Eating enough fiber is important for helping to prevent chronic diseases like diabetes, heart disease and certain types of cancer. Research also suggests that consuming fiber-rich foods might boost weight loss by helping you to feel fuller after you eat. But most of us eat only about half as much fiber as we should. Nutrition guidelines recommend 25 to 38 grams per day; the average American consumes only about 14 grams. It’s not hard to boost your fiber intake. Do it easily with these 5 simple tips.
Eat, rather than drink, your fruits and vegetables. When either are processed to make juice, most of the beneficial fiber is left behind.
Read nutrition labels and choose foods with the highest dietary-fiber numbers.

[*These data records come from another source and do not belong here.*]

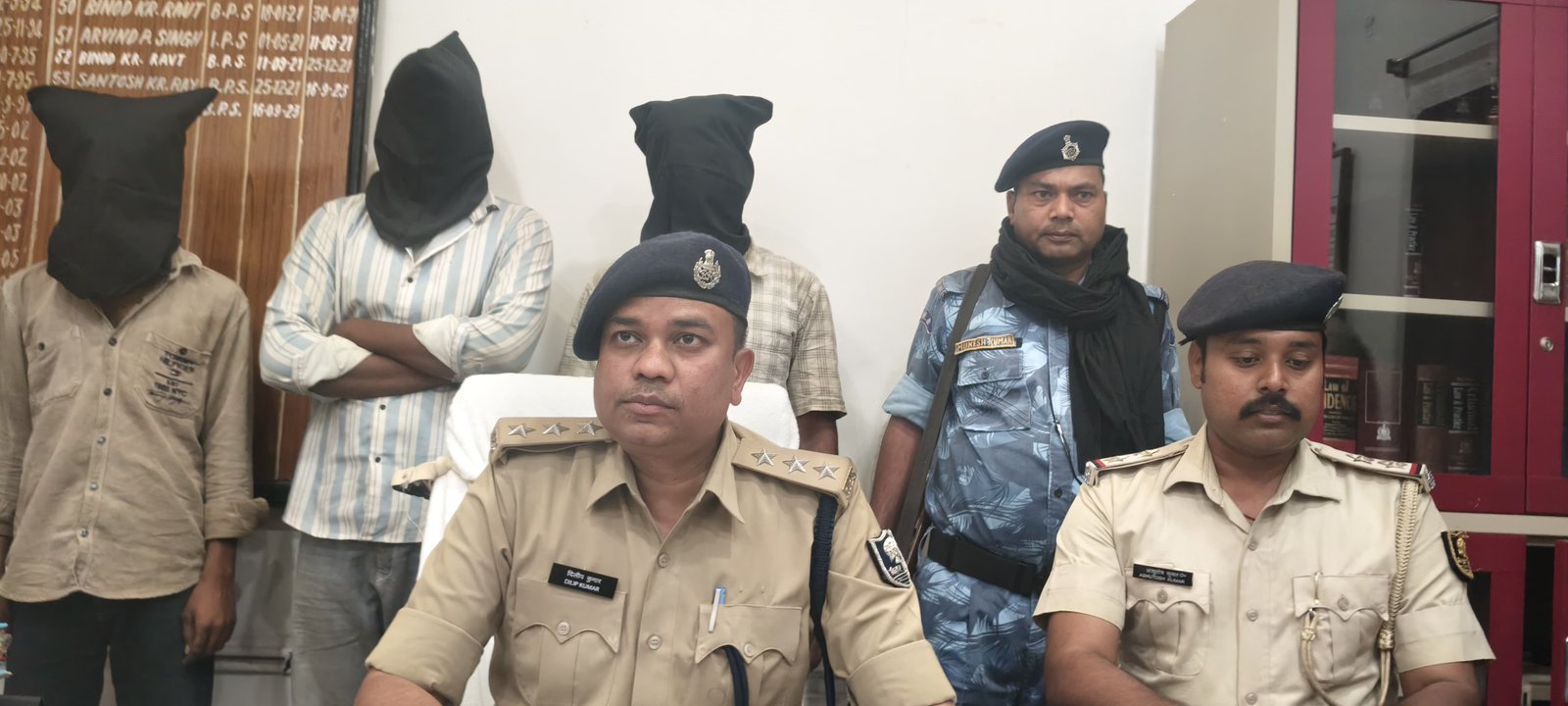 हिंदी समाचार |लूटे गये टेंपो एवं मोबाइल के...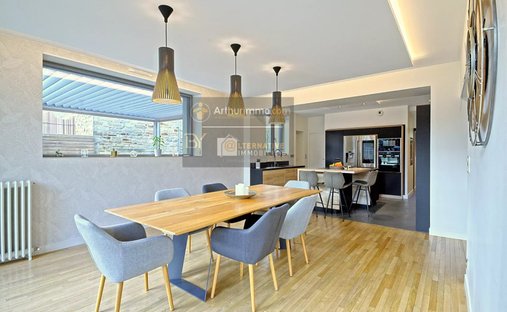 At The Gates Of Vitré Castle Of 12200 M² Land Of More Than 5 Ha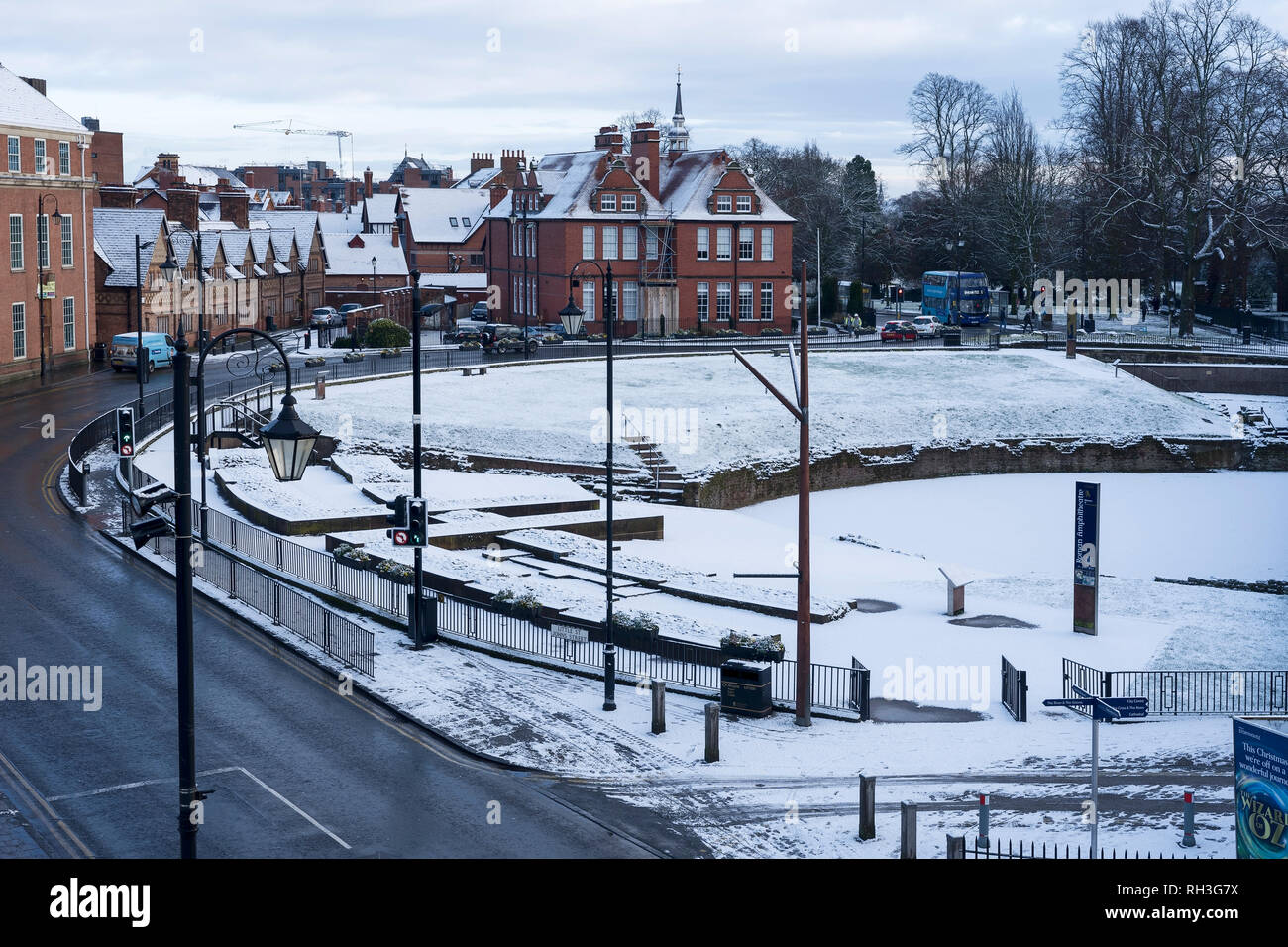 L' anfiteatro romano nel centro citta' di Chester coperto con una leggera spolverata di neve Foto Stock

Eat your vegetables, and then some. Forget “five-a-day”; many nutrition experts suggest aiming much higher. Aim for making vegetables—preferably fiber-rich types like greens and broccoli— a part of every meal and snack.
Don’t peel edible skins from fruits and vegetables, when possible. To avoid pesticide residues, wash skins thoroughly before eating, and opt for organic varieties when you can.
Become a frequent eater of beans, lentils and split peas. They’re filling, fiber-rich and cheap—and, if canned, convenient (just rinse them in a colander before using, to wash away excess sodium).